Sì, dico a voi, ultimi arrivati alla bicicletta, dopo essere scesi dal Suv e dalla barca a Portofino. Avete fiutato che a New York e a Londra fa molto dandy metropolitano la bici con lo scatto fisso, ed eccovi subito in giro per le nostre città a spandere boria. Al vostro fianco, l’altro Rotary di nuova formazione, quello della bicicletta col motorino. In questo caso, per noi veterani e ortodossi, siamo veramente al tradimento: lo sport della fatica annacquato e vilipeso, togliendo barbaramente di mezzo l’essenza stessa dell’esercizio, cioè la fatica. Ovviamente il motorino è una grande cosa per obesi e cardiopatici, perché consente loro di usare comunque il mezzo senza rischiare la morte. Ma non è di loro che parliamo, ci mancherebbe altro. Io parlo di quei ganassa che ricorrono al motorino per guadagnare un pacco di minuti nelle gran fondo, o anche solo per staccare il geometra sugli strappi collinari nell’uscita domenicale. Vergogna. Siete patetici.
Scatto fisso e motorino non hanno nulla, in sé, di vergognoso. Sono semplici accorgimenti tecnici per situazioni specifiche e limitate. La degenerazione di questi tempi è tutta un’altra cosa. Direi che ha un nome terribile, per il ciclismo: moda. Sì, qualcuno ha lanciato l’ordine e tutto il gregge si è subito accodato. I rinnegati non si limitano ad usare il mostro a scatto fisso per le vie del centro. Si limitassero alle loro perversioni, sarebbero anche sopportabili. No, vogliono stravincere. Pretendono di raccontare a noi, che in bicicletta andiamo da sempre, quant’è bello usare la bicicletta. Sono come quei tizi che si sposano a cinquant’anni e poi tutte le sere spiegano il matrimonio a gente sposata da trent’anni. Lo stesso con lo scatto fisso: ci spiegano quant’è trendy, quant’è libidinoso, quant’è wow spostarsi dall’ufficio alla sauna con un unico rapporto, tendenzialmente molto duro. A noi, che sappiamo bene come sia ben più dura la realtà: provassero, questi frufrù dell’ultima ora, cosa significa fare non dico il Mortirolo, e nemmeno il Ghisallo, ma anche solo le Mura di Bergamo o il cavalcavia della Bovisa, con lo scatto fisso, provassero invece cosa significa avere sotto un bel cambio, che consente di passare all’agile, sublime e irripetibile invenzione della tecnica e della pratica. Provassero, una volta, ad usare davvero la bicicletta, non per scimmiottare gli yuppies della Grande Mela o della City londinese, non per essere come nelle foto dei mensili lucidi, ma semplicemente per sfruttarne tutti i vantaggi, di salute, di risparmio, di serenità e soprattutto di libertà. Provassero, e poi si levassero dai piedi, possibilmente.

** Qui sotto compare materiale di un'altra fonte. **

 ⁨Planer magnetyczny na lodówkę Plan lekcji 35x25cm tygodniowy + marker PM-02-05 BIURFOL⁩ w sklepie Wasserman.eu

So bene che ogni moda a due ruote porta comunque acqua al mulino della grande causa. So bene che per tante aziende in difficoltà questa moda dello scatto fisso e dei motorini è una improvvisa possibilità di sopravvivenza. Questo lo accetto. Ma mi piacerebbe che queste degenerazioni tecniche fossero solo una fase di passaggio, diciamo uno specchietto per le allodole, un’esca irresistibile per condurre poi tutti sulla retta via, l’unica possibile, l’unica sensata, cioè la bicicletta con il suo bel cambio a tot rapporti. Se invece avviene il contrario, se loro finiscono per dettare legge e noialtri per fare la parte dei poveracci antiquati, mi girano le scatole. Anche perché c’è qualcosa, o qualcuno, di molto peggio, in questi nuovi orizzonti…
Opinione strettamente personale: se sono insopportabili quelli che dopo due giorni a scatto fisso vogliono spiegarci la grandezza e l’intelligenza della bicicletta, io sopporto ancora meno un’altra categoria. Quelli di noi, ciclisti da sempre, che li stanno pure ad ascoltare.